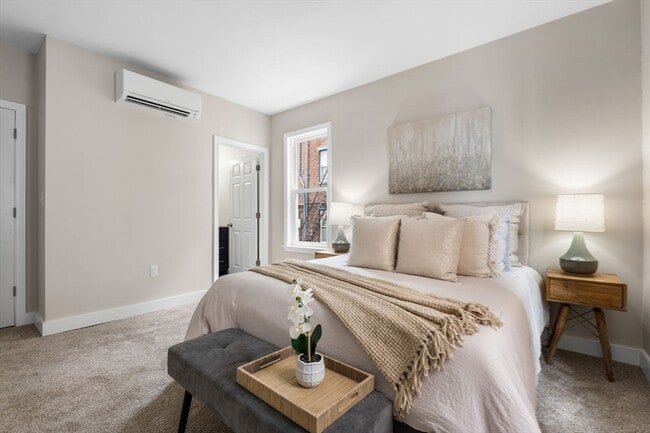 Building Photo - 362 Silver St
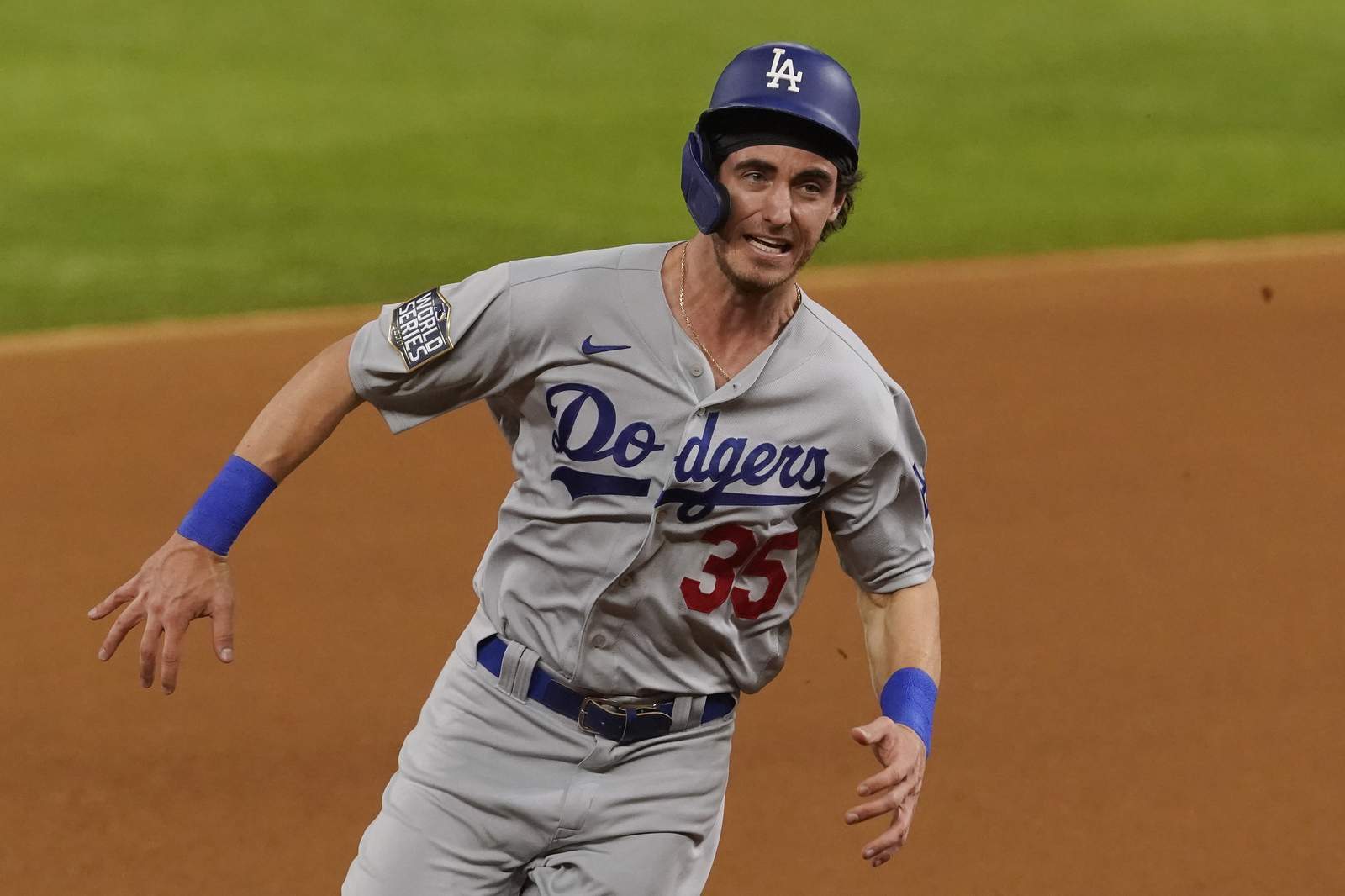 The Latest: Bellinger moved to DH for Game 4 against Rays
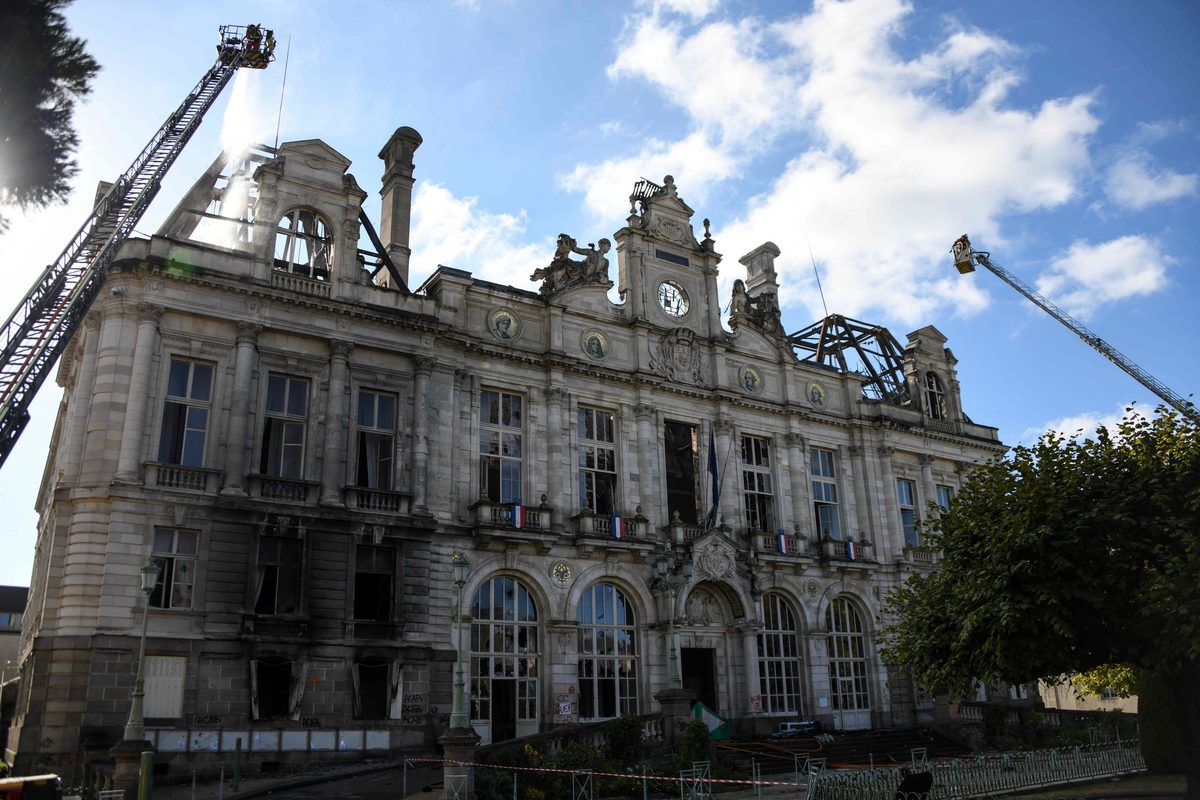 La fachada quemada del ayuntamiento de Limoges.
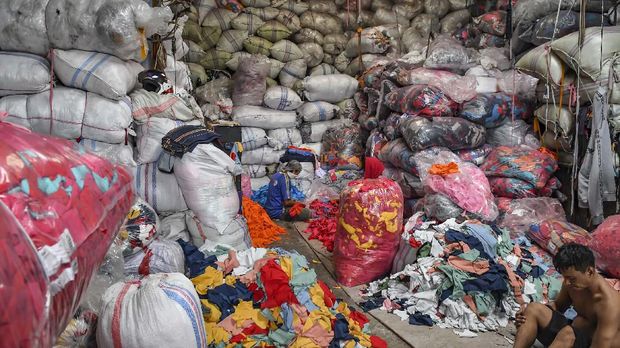 Pekerja memilah limbah sisa kain di tempat pengepul limbah tekstil, Jakarta.
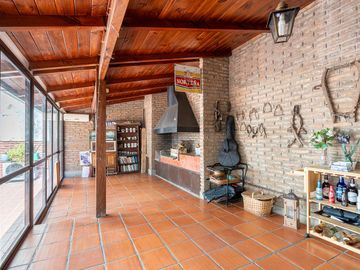 Departamento de 3 dormitorios a la venta en San Luis 433.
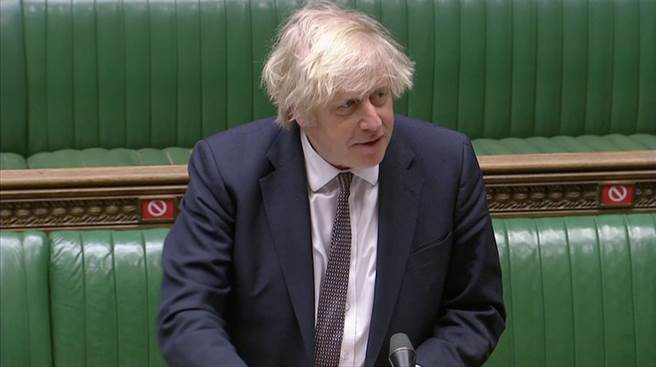 法国疫情严峻 新增3省封锁且恐遭英国限制入境。图为英国首相强生（Boris Johnson）。(图/路透)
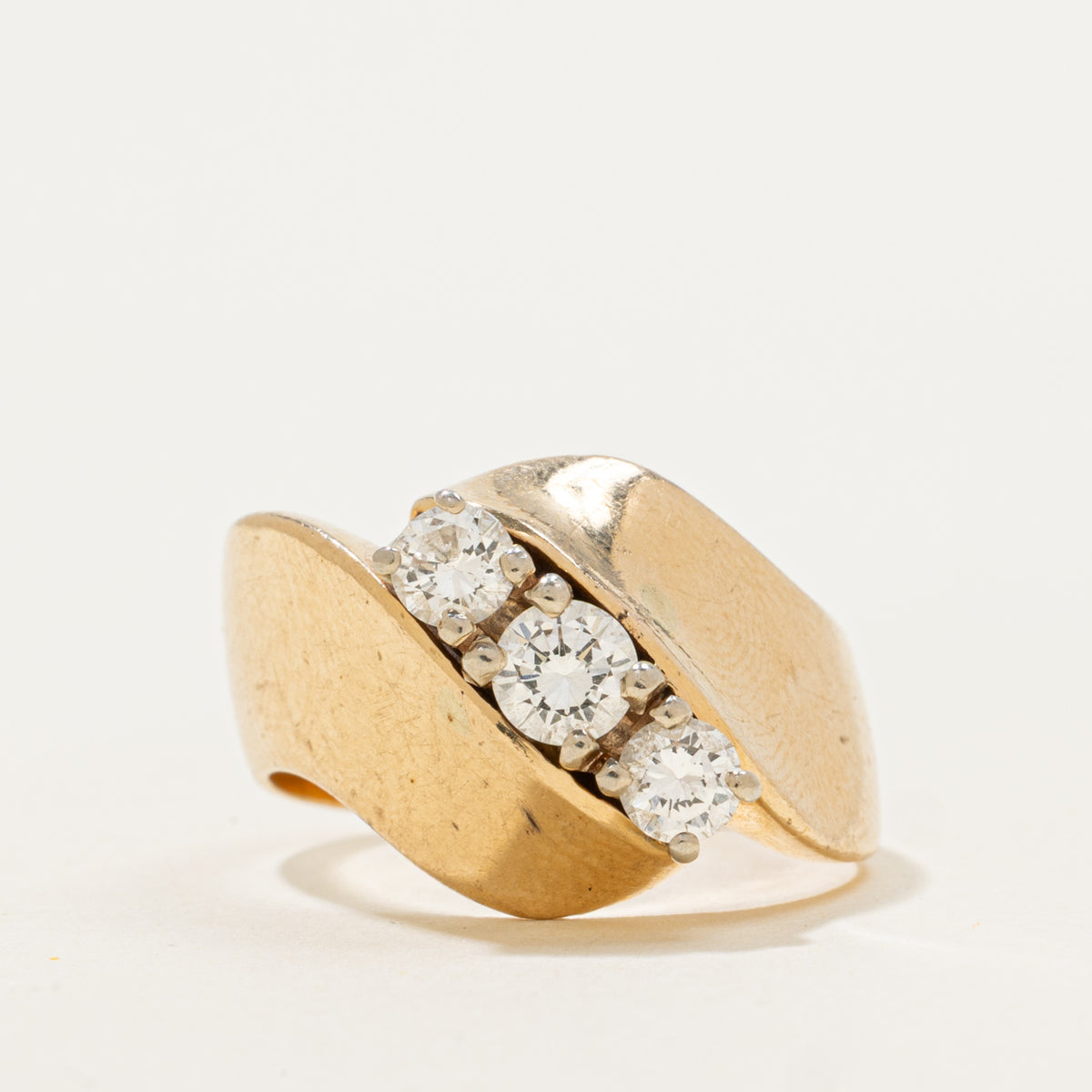 14k Three Stone Diamond Abstract Bypass Ring | 0.21ct | SZ 7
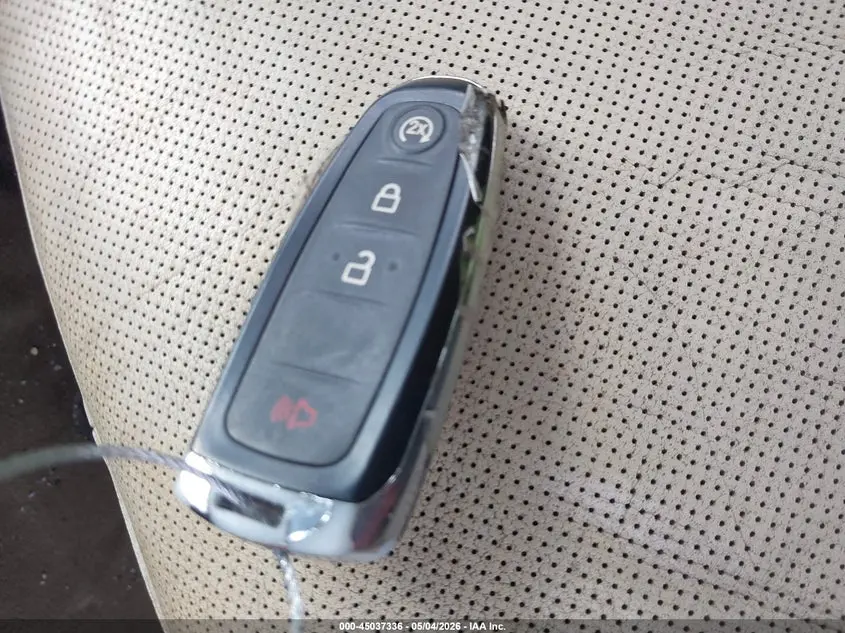 2014 LINCOLN MKS  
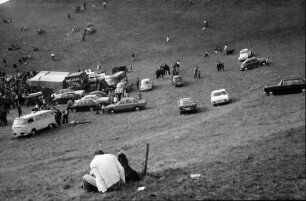 Vogtsburg: Reitturnier, Pärchen am Hang und Autos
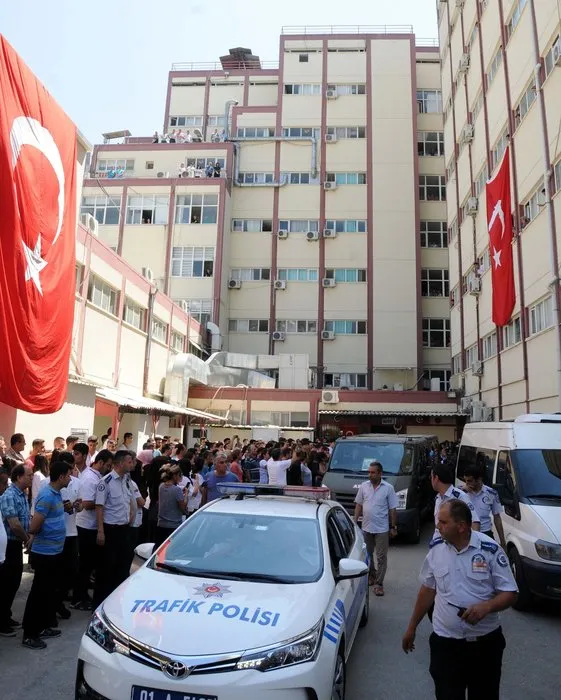 Bitlis şehidine hastanede böyle veda ettiler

#### Task prompt
Exactly and only the lines from the one holding "14k Three Stone" through the final line of the material must be returned, both ends included, without any pictures.

#### Answer space
 14k Three Stone Diamond Abstract Bypass Ring | 0.21ct | SZ 7
 2014 LINCOLN MKS  
 Vogtsburg: Reitturnier, Pärchen am Hang und Autos
 Bitlis şehidine hastanede böyle veda ettiler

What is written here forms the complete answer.